▶ [WORK TO BE COMPLETED]:
In the listing below, find the line with "Corona-Pressekonferenz in Hamburg" and the line with "پوکر مهدی طارمی برای پورتو مقابل فامالیسائو", then return them and every line between them exactly, minus the pictures.

▶ [RECORD EXTRACTS]:
--- START ---

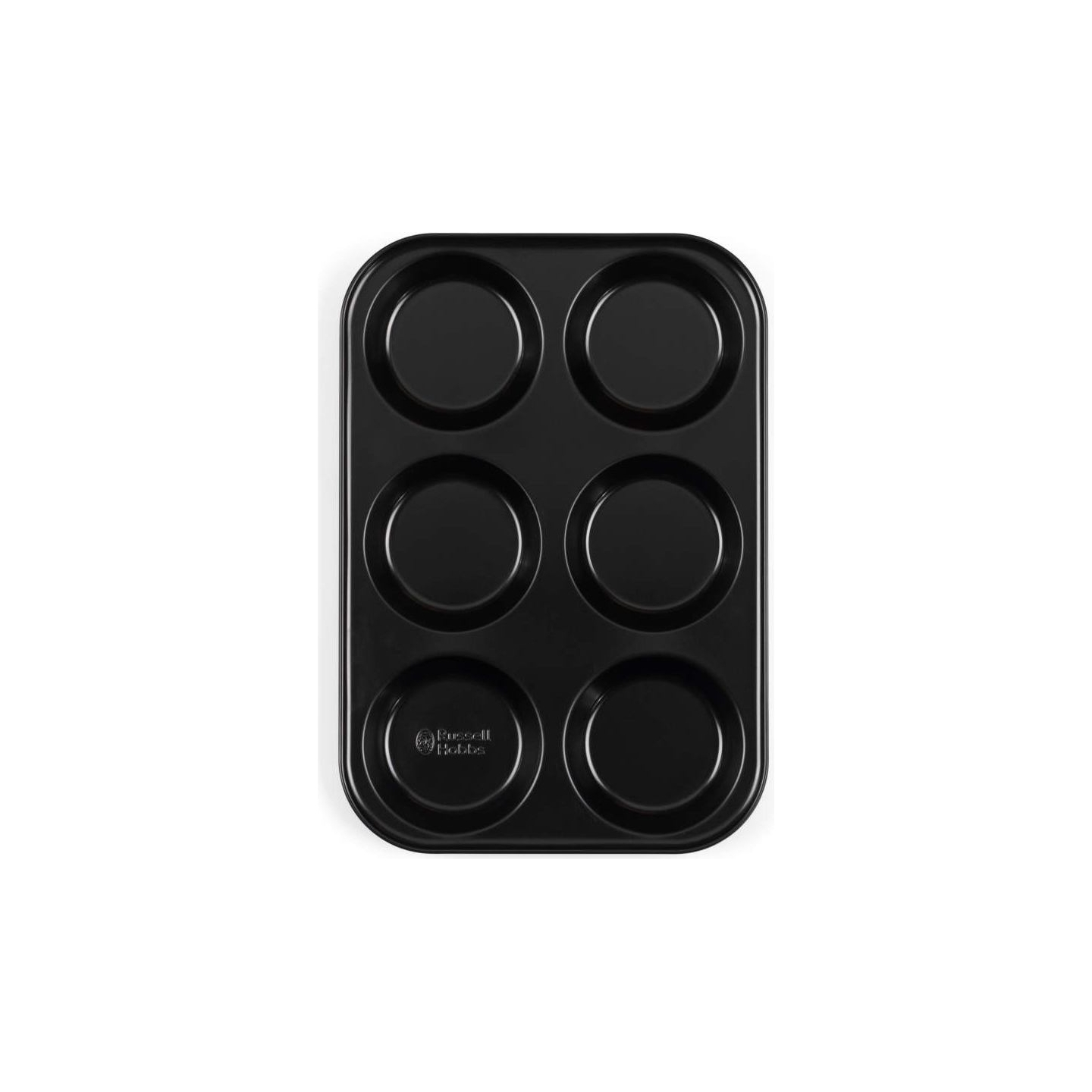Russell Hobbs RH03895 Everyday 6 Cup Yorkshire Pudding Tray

--- END ---
--- START ---

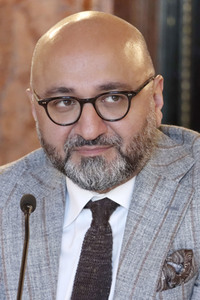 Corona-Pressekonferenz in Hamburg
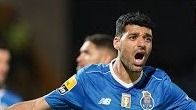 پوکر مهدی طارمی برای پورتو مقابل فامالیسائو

--- END ---

▶ [RESULT FOR THIS TASK]:
 Corona-Pressekonferenz in Hamburg
 پوکر مهدی طارمی برای پورتو مقابل فامالیسائو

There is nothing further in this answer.